Fiduciaries under the federal law known as ERISA must follow strict rules of conduct and avoid conflicts of interest. That means they can’t provide advice that affects their compensation, unless they meet certain conditions to ensure investors are protected. This includes putting policies in place to mitigate those conflicts. Investment professionals must also be upfront with customers about their roles as fiduciaries — if they have conflicts, and many do, they must now acknowledge their fiduciary status in writing.

That should go a long way in helping retirees who land in their offices, said Joe Peiffer, a founding partner of Peiffer Wolf Carr Kane Conway & Wise, a law firm in New Orleans. He said he has represented thousands of investors who have received poor advice, including from insurance salespeople who call themselves financial advisers when selling indexed annuity products and universal life policies — often with “disastrous” results.

“They’re exactly the kind of case that the new D.O.L. rule is trying to address,” he said, referring to the Department of Labor. “Because, currently, when we sue these ‘advisers,’ their response is that they are nothing more than insurance salesman that do not have a fiduciary duty.”

No financial adviser is entirely conflict-free, but the ecosystem in which your adviser works matters — and will influence what type of conflicts are embedded in the way they do business. Some brokers, for example, may be paid more to sell one product over another product. Or, the firm itself might have complex revenue sharing agreements, which is when a mutual fund company makes payments to a brokerage firm — and some funds may pay a firm fatter fees than others.

Under the new rule, any financial professional making recommendations must have “policies and procedures to manage conflicts of interest and ensure providers follow these guidelines,” department officials said.

The simplest way to buy advice is to hire a “fee-only” independent certified financial planner who is a registered investment adviser, which means they are required to act as fiduciaries when providing investment advice about securities (stocks, mutual funds and the like). As part of that fiduciary duty, they must eliminate conflicts or disclose them.

“Your odds of conflicts go up, the longer their disclosures are,” said Benjamin Edwards, a professor at the William S. Boyd School of Law at the University of Las Vegas.

There are several, but the most important: Are you a fiduciary who promises to put my interests ahead of yours 100 percent of the time with 100 percent of my money? How do you get paid — and will you get paid more for recommending one investment over another? What’s your investment philosophy — does it involve mostly low cost index-based investments?

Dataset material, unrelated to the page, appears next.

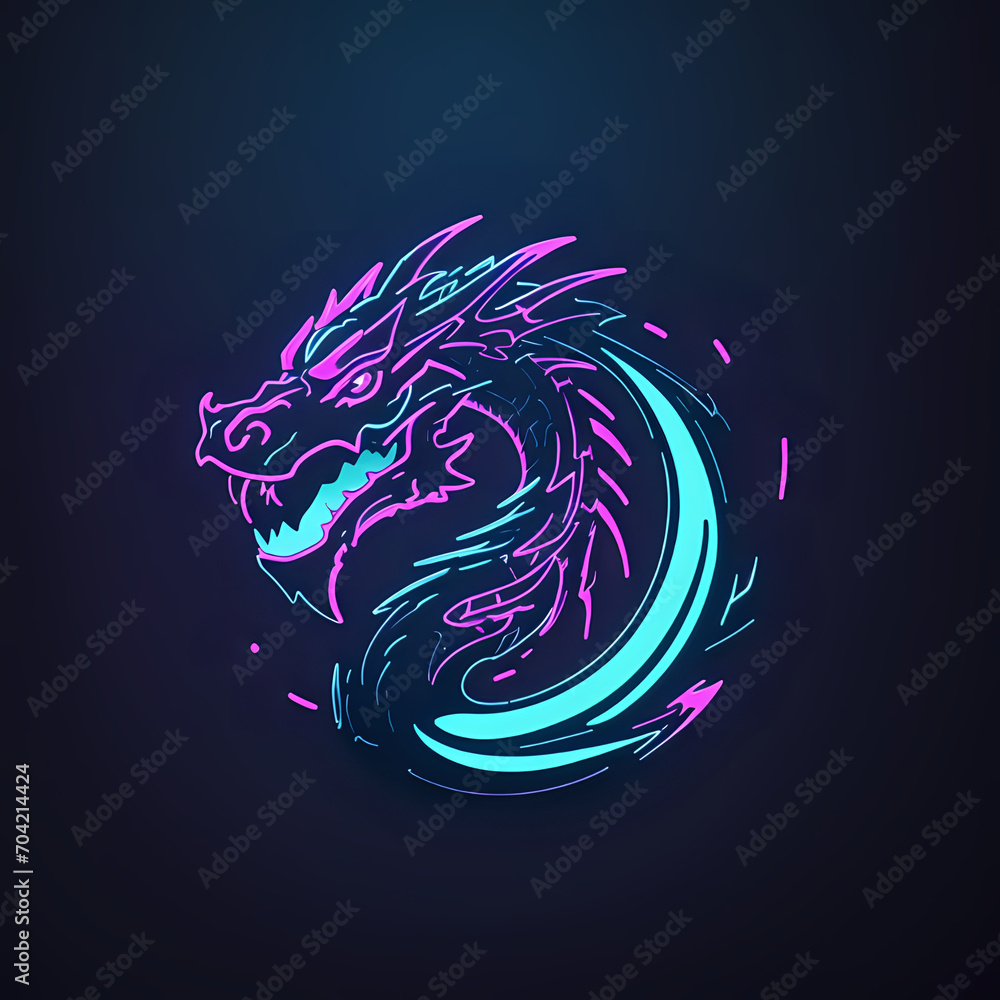 dragon on a black, dragon head tattoo, dragon design, dragon head design, dragon neon or chinese zodiac year of the dragon, chinese new year, chinese new year, logo iconic dragon, circel logo dragon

Oh, and by the way, will you sign this fiduciary pledge? If they refuse, find a new adviser who will.

There are more places now than there have been in the past: XY Planning Network, Garrett Planning Network and the National Association of Personal Financial Advisors (NAPFA) are all trade groups whose members accept only fee-based compensation, which minimizes their conflicts of interest. They also allow you to search for professionals based on their expertise (retirement planning, for example, or stock option exercise strategies), “You don’t want the adviser to be learning about how to help you on the fly,” said Alan Moore, a financial planner and co-founder of XY Planning Network.

There are also newer entrants, including Domain Money and Facet, which connect people to independent financial planners who get paid flat fees.

Roboadvisers, or companies that lean heavily on technology to manage your investments but also often have human financial advisers, may be a solid option for people who are just starting out — or who have an investment plan they want to put into place and let run on autopilot.

One of the most valuable services an adviser can provide is saving us from ourselves, in the darkest market moments, when an individual may be most likely to give into emotion and sell investments (or buy) at the worst possible time. Just make sure the adviser is a fiduciary.